The regulated nature of the transmission business helps the company earn a steady post-tax return on equity of 15.5 per cent (additional 0.5 per cent for on-time commissioning) for its transmission assets. Almost all cost components, including depreciation, interest costs (inclusive of working capital) and operating expenses, are pass-through, thereby providing stable margins for the company. The company has strong operating efficiencies and is also leveraging on existing infrastructure for providing telecom and consultancy services.

Business

As of September 2010, PowerGrid had a transmission network of 79,556 circuit km (ckm) and 132 substations with capacity of 89,170 MVA. Its inter-regional transmission network stood at 22,400 MW (March 2010 end) which may go up to 37,000 MW by end of the 11th Plan (2012) and to 75,000 MW by end of 2017.

The company may add another 39,000 ckms during the current Plan which may support higher generation capacities.

The company planned to spend as much as Rs 55,000 crore in the Eleventh Plan of which 46 per cent was already spent as of March 2010. Majority of the debt funding is already arranged and the current FPO issue will aid the equity funding requirement.

Unlike its power generation counterparts, PowerGrid may not slip the capex target by a significant margin as a part of additional investments that have to be made during the current Plan are towards the strengthening/upgrading existing ageing infrastructure. While the company may be in a position to take care of the equity funding at 70:30 debt:equity mix for the next two-three years, another equity infusion may be required on a later date, given that additional Rs 1,00,000 crore of investments is expected to be done by the central transmission sector during the 12th Plan.

Currently 32 per cent of the fixed assets are in nature of capital work-in-progress which is not earning any return, thereby depressing the overall return on equity.
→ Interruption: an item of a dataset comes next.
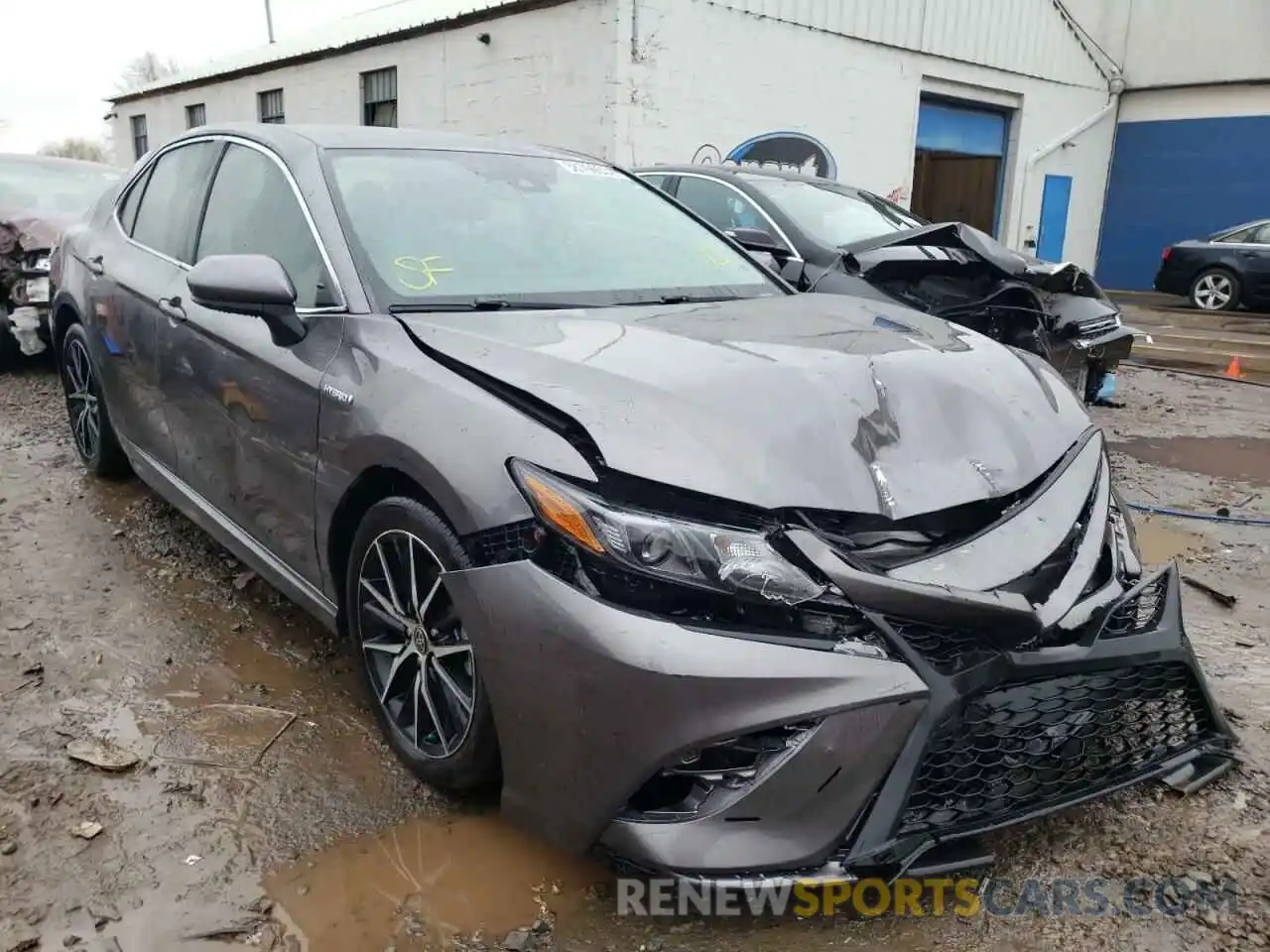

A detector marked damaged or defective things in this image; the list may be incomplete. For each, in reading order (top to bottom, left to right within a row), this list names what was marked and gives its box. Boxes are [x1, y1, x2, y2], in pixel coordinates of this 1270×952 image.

ROE as on March 2010 stood at 12.83 per cent. This low profitability ratio may continue until back-ended projects over next two years are capitalised and start earning returns.

The strengthening of the transmission network and setting up more 765 KV lines and high voltage direct current lines will not only allow higher transmission but also reduce transmission losses, thereby improving efficiencies.

Financials

Revenues grew at an annual rate of 22 per cent over the three year period ending March 2010 Rs 7,503 crore while profit grew at 18 per cent to Rs 2040 crore. The EBIDTA margin of the company stood at 83 per cent for the year ended March 2010.

For the first half of September 2010, profits grew at 34 per cent, thanks to the implementation of new projects and higher income from consultancy, telecom and short-term open access. Short-term open access contracts give higher than regulated returns. As of September 2010 end, the debt-equity may fall to 1.7 from 2.1 post-capital raising

PowerGrid improved its share of power transmitted as a proportion of total power generated to 51 per cent during the first half of Sep 2010 from 47 per cent in FY10.

The company has maintained a 99.86 per cent availability during the first half and has been earning incentives due to higher operation availability. The company may also earn incentives (0.5 per cent) on the back of on-time commissioning of the transmission projects.

PowerGrid is diversifying its vendor base to reduce equipment delays. Add-on revenues from unregulated segments such as consultancy and telecommunication are in growth phase but continue to contribute only a small proportion of the revenues.

PGCIL's telecom network is currently 20,000 ckm.

Issue Details

The issue opens on November 9 2010 and closes on November 12 2010.